***”Weekly Comic 100s” keeps it nice and simple. Comic book reviews in 100 words or less. Straight, concise, and to the point.***
By Rob Siebert
Oye. Not a good comic book week for yours truly. Not only am I still reeling from the demise of my local shop, but my pull list was uncharacteristically small this week. So what’s a frustrated fanboy to do?
With only three issues in my stack this week, I’ve added a mini-review of Detective Comics #1000, as we learned this week that it was the highest selling comic book of 2019.
Shout out to Jay’s Comics in Gurnee, IL. I’m pretty sure they’re my new shop.

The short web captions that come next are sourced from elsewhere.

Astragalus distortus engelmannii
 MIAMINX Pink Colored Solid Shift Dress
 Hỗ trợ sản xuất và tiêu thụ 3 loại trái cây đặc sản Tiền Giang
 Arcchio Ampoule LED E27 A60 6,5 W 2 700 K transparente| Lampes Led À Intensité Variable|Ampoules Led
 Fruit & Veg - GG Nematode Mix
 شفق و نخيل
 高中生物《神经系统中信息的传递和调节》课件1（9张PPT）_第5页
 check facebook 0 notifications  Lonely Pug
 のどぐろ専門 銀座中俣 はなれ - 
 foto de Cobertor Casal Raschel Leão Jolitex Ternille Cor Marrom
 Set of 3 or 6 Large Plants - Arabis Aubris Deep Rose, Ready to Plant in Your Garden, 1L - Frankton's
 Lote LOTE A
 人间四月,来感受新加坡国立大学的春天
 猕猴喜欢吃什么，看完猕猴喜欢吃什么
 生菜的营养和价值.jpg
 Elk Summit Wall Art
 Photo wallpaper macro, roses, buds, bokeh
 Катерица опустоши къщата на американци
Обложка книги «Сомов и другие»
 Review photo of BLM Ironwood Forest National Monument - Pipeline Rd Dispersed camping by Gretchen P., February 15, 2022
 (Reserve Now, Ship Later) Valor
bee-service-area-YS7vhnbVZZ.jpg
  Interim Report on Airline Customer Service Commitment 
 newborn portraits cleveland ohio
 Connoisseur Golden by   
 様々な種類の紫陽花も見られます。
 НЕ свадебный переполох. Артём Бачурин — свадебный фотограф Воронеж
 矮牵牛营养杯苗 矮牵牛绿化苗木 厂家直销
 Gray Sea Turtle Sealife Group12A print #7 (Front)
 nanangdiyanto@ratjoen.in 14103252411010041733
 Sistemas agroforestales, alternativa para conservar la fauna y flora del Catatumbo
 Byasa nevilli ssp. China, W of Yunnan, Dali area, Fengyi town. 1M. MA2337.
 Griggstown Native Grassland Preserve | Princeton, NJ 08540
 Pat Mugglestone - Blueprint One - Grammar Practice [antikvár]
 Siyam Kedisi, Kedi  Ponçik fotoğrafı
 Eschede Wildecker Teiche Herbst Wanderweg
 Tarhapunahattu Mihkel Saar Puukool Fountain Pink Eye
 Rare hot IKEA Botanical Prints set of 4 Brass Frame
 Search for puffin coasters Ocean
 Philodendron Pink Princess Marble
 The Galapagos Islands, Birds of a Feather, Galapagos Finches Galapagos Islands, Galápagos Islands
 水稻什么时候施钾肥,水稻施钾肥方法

Thanks to a lot of backstory, (which the issue is nice enough to provide us post-script), Tony Stark’s adoptive brother Arno Stark is now Iron Man. Straight out of the gate, he’s got a rebellious robot uprising to contend with.
As someone who hasn’t kept up with Iron Man lately, there’s not much here to excite me. It’s inferred that Arno has sinister intentions. But when friggin’ Doctor Doom has played the role before, everyone else pales from a “villain as the hero” perspective. Ironic, as Dan Slott’s work on The Superior Spider-Man drew me to this book.
Excellent issue, which includes a fight between Tommy and Lord Zedd over the White Ranger powers.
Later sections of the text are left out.